The skillet European Stoxx 600 shut somewhere near 0.2% temporarily, paring prior misfortunes, with Germany’s DAX and France’s CAC shedding 0.9% and 0.3% separately, while the U.K’s. FTSE 100 was barely higher. Regarding areas, tech stocks drove the misfortunes, down 1%, while banks climbed 0.9%.
The course of the coronavirus pandemic is at the forefront of investors’ minds as the number of daily new infections reached a record high in Europe Monday. Investors are also keeping an eye on U.S. politics. U.S. stocks climbed early on Tuesday ahead of a deadline for a new fiscal stimulus deal from Washington.
It comes after House Speaker Nancy Pelosi and Treasury Secretary Steven Mnuchin “continued to narrow their differences” in a Monday afternoon phone call to discuss another stimulus package, according toPelosi’s spokesman Drew Hammill. The speaker said that Tuesday is the deadline to reach an agreement before the Nov. 3 election.

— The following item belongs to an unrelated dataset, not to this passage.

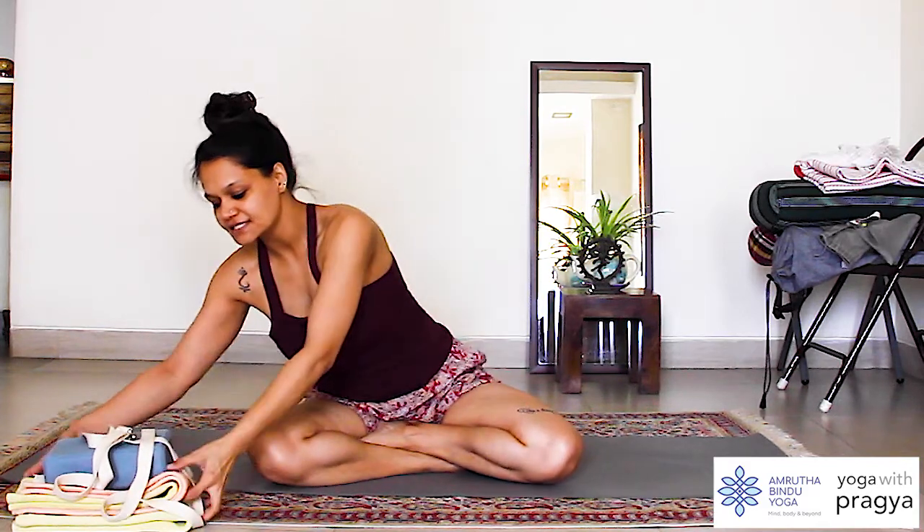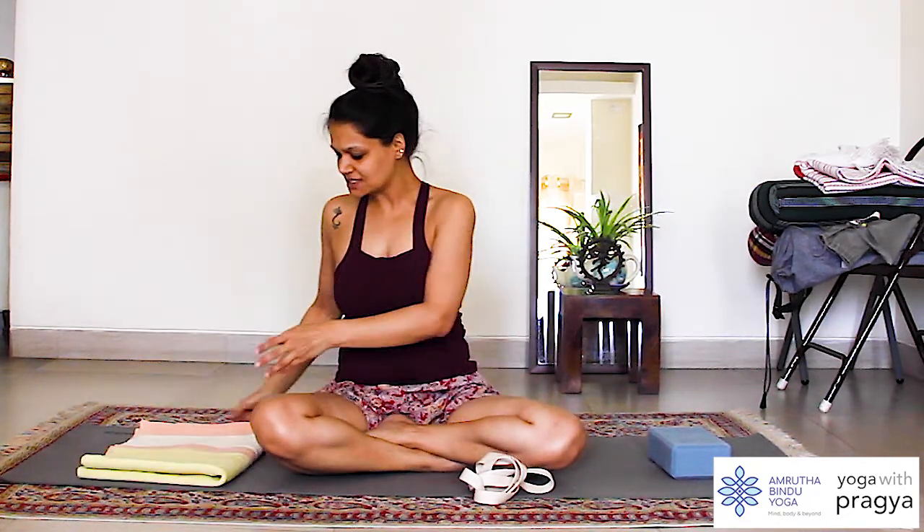I am going to show you how to do Janu Shirsasana today using just a few props that you will have around the house. I am going to use a belt — you can use a scarf. I am going to use a block; I am using a soft block versus the hard blocks I sometimes use, because I want my foot to rest on it. And I am using a folded mat to sit on.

Looking at individual stocks, UBS reported a net income of $2.1 billion for the third quarter on Tuesday, up 99% from the same period last year. Analysts had forecast reported net income of $1.5 billion for the quarter, according to data from Refinitiv Eikon. Shares of the world’s largest wealth manager rose almost 3% on the news.
Sticking with Swiss companies, Logitech surged to the top of the European benchmark during Tuesday’s trade. The computer equipment maker reported a 75% jump in second-quarter sales, citing a boost in demand as many people adapt to working from home amid the pandemic. Shares of Logitech jumped almost 16%.
Meanwhile, rail booking app Trainline fell nearly 13% after announcing that CEO Clare Gilmartin will step down at the end of February 2021.